___ TASK INPUT

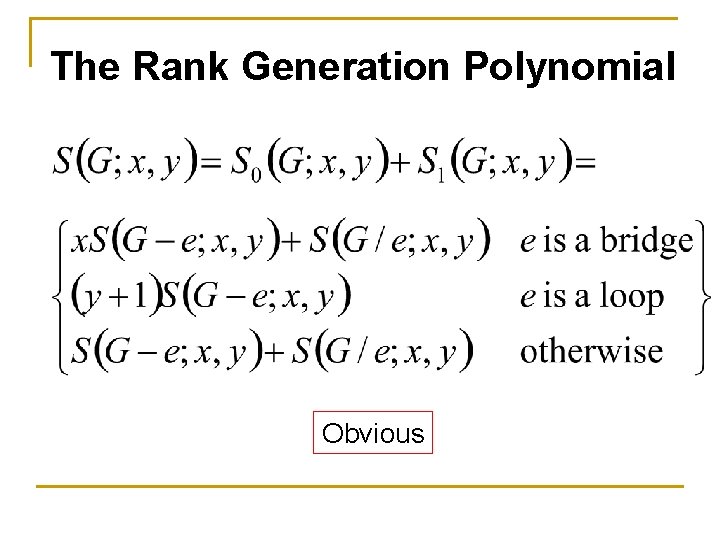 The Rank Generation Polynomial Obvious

______
___ TASK INPUT

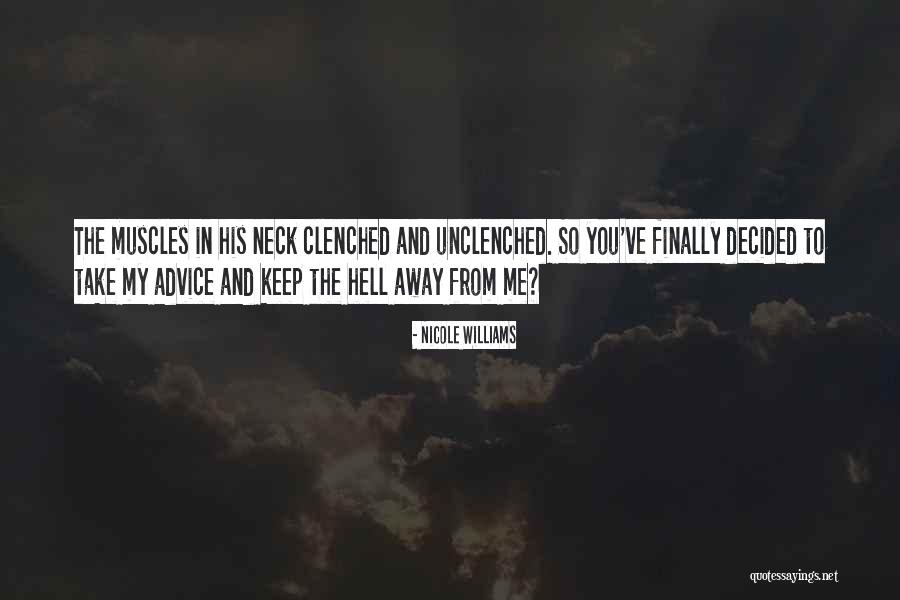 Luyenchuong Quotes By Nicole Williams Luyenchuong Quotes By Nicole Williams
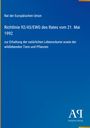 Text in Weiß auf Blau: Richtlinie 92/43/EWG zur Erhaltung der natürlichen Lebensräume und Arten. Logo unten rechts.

______

ABOUT THIS EXERCISE ▸ Transcribe only this stretch of the data: the line with "Luyenchuong Quotes By Nicole Williams Luyenchuong", the line with "Text in Weiß", and every line in between. Leave out the pictures.

RESULT ▸
 Luyenchuong Quotes By Nicole Williams Luyenchuong Quotes By Nicole Williams
 Text in Weiß auf Blau: Richtlinie 92/43/EWG zur Erhaltung der natürlichen Lebensräume und Arten. Logo unten rechts.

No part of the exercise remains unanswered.